When Python's Mann-Whitney U test returns extremely distorted p-values


In the previous post, I have discussed a huge difference between p-values evaluated via the R implementation of the Mann-Whitney U test between the exact and asymptotic implementations. This issue is not unique only to R, it is relevant for other statistical packages in other languages as well. In this post, we review this problem in the Python package SciPy.

In SciPy1, the Mann-Whitney U test is available via the function mannwhitneyu. Similarly to R, it has two methods to estimate the value: the exact one and the normally approximated one. The difference between these methods can be shown using the following snippet:

import numpy as np
from scipy.stats import mannwhitneyu

x = np.arange(101, 106) # n = 5
y = np.arange(1, 51)    # m = 50

print(mannwhitneyu(x, y, alternative="greater", method="exact"))
print(mannwhitneyu(x, y, alternative="greater", method="asymptotic"))

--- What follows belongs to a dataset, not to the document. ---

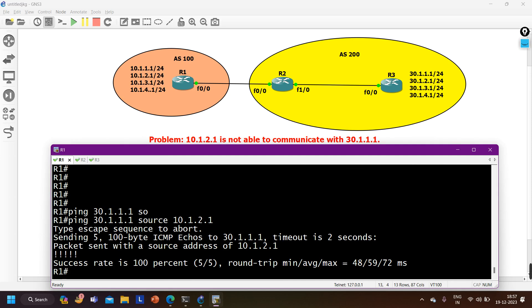Let me verify connectivity again: pinging 30.1.1.1 with source 10.1.2.1 - and now ping is working. The problem was on Router 2: there was an access control list for receiving prefixes from Router 1, and the 10.1.2.0 network was missing from that list, causing R2 to filter that prefix. Now the problem is solved and LAN users are able to communicate with each other. If you learned something from this video, please like and subscribe. See you in the next video!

This code gives the following output:

MannwhitneyuResult(statistic=250.0, pvalue=2.874586670369134e-07)
MannwhitneyuResult(statistic=250.0, pvalue=0.00013370277743792665)

The results match the situation we observed in R: the approximated value is 465 times larger than the exact value.

However, the default strategy for choosing between exact and asymptotic is different between R and SciPy. In R, wilcox.text uses the exact strategy when n < 50 AND m < 50 (and there are no tied values). In SciPy, mannwhitneyu uses the exact strategy when n <= 8 OR m <= 8 (and there are no tied values). Therefore, SciPy switches to the asymptotic methods when both samples contain at least 9 elements. Here is a snippet that illustrates this transition:

import numpy as np
from scipy.stats import mannwhitneyu

x = np.arange(101, 109) # n = 8
y = np.arange(1, 9)     # m = 8

print("n = m = 8")
print("auto:       " + str(mannwhitneyu(x, y, alternative="greater")))
print("exact:      " + str(mannwhitneyu(x, y, alternative="greater", method="exact")))
print("asymptotic: " + str(mannwhitneyu(x, y, alternative="greater", method="asymptotic")))
print("")

x = np.arange(101, 110) # n = 9
y = np.arange(1, 10)    # m = 9

print("n = m = 9")
print("auto:       " + str(mannwhitneyu(x, y, alternative="greater")))
print("exact:      " + str(mannwhitneyu(x, y, alternative="greater", method="exact")))
print("asymptotic: " + str(mannwhitneyu(x, y, alternative="greater", method="asymptotic")))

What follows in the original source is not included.